Съемки птицы-носорога закончились сюрпризом. Она сидела на ветке сухого дерева, и нас разделяло болото, покрытое водяными растениями изумрудного цвета. Мы осторожно побрели, проваливаясь по колено в противную грязь и морщась от запаха гнили. Дойдя до места, где было потверже, мы облегченно вздохнули: птица не улетела. Отсюда ее уже можно снимать крупным планом.

Чарльз расчехлил камеру и поставил треногу, стараясь не спугнуть птицу резким движением. В бинокль мне был отчетливо виден клюв, украшенный длинным ярко-красным отростком. Птица гордо поводила им из стороны в сторону. Мне показалось, она осознает, насколько оригинальна ее внешность. В мире пернатых самцы выделяются либо броской внешностью, либо звонким голосом. Бельканто у птиц-носорогов ниже всякой критики. Но при таком клюве трели и необязательны.
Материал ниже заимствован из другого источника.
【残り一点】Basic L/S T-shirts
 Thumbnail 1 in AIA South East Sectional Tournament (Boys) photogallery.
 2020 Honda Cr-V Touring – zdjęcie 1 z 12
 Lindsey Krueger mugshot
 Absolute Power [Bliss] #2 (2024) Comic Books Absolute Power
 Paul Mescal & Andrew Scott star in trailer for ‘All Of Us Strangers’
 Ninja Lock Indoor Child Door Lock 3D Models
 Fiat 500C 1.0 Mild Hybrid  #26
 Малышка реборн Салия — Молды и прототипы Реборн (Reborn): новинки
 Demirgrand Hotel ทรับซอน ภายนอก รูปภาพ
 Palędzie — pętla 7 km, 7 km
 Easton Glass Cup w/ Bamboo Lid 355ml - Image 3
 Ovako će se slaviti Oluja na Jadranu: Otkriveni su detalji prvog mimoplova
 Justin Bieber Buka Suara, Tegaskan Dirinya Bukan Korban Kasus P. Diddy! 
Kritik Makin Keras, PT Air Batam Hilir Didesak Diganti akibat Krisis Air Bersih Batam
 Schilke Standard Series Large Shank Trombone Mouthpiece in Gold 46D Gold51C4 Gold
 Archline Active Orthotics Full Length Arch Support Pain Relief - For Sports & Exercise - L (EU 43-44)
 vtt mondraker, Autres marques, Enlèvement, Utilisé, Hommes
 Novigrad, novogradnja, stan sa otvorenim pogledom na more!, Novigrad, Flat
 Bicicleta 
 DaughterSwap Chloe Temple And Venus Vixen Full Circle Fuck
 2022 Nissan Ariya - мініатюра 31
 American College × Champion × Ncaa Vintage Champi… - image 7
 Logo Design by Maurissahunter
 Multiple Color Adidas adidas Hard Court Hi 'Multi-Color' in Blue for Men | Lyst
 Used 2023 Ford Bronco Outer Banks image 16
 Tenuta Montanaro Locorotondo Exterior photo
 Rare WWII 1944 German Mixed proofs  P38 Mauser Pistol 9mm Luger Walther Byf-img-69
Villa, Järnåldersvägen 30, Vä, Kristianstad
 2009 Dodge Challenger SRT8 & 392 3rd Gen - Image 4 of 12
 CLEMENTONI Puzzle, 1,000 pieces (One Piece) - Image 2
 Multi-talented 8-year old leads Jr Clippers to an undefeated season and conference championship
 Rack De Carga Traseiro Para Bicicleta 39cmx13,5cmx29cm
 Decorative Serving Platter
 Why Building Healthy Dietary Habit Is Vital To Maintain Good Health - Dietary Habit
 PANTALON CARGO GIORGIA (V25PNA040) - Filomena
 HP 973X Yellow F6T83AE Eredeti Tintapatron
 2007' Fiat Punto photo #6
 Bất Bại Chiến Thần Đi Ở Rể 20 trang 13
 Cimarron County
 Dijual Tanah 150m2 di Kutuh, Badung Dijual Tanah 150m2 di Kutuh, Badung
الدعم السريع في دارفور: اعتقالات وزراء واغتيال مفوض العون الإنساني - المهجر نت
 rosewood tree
Чарльз поднес палец к кнопке, но, прежде чем камера успела зажужжать, птица расправила крылья и полетела прочь…

Мой спутник начал стоически сворачивать свое громоздкое хозяйство. Оглядевшись, я вдруг заметил в болоте среди зелени четыре оливково-зеленых треугольника — гребень хвоста маленького крокодила. Вот это удача! Мы не дыша двинулись к нему. Крокодильчик не шевелился. Похоже, он свято верил в свою маскировку.

Никакой подходящей тары у нас не было, поэтому я стянул с себя рубашку и понес ее перед собой. Мы находились уже в трех метрах от крокодила. Тот все еще не шевелился. Набрав побольше воздуха, я прыгнул и с размаху плюхнулся лицом в трясину. Неужели мимо?! Нет, под руками у меня что-то нервно задергалось. Шумно пыхтя, я встал на колени и цепко схватил узел. На помощь подоспел Чарльз. Стерев с лица налипшую грязь и тину, я взглянул на добычу.

Нам попался гавиал. Эти остроносые крокодилы вырастают до внушительных размеров, однако, несмотря на свой грозный вид, пользуются хорошей репутацией: они питаются исключительно рыбой и прочими обитателями водоемов. В литературе не зарегистрировано ни одного случая нападения гавиала на человека. (Теперь, правда, я мог сообщить о нападении человека на гавиала.)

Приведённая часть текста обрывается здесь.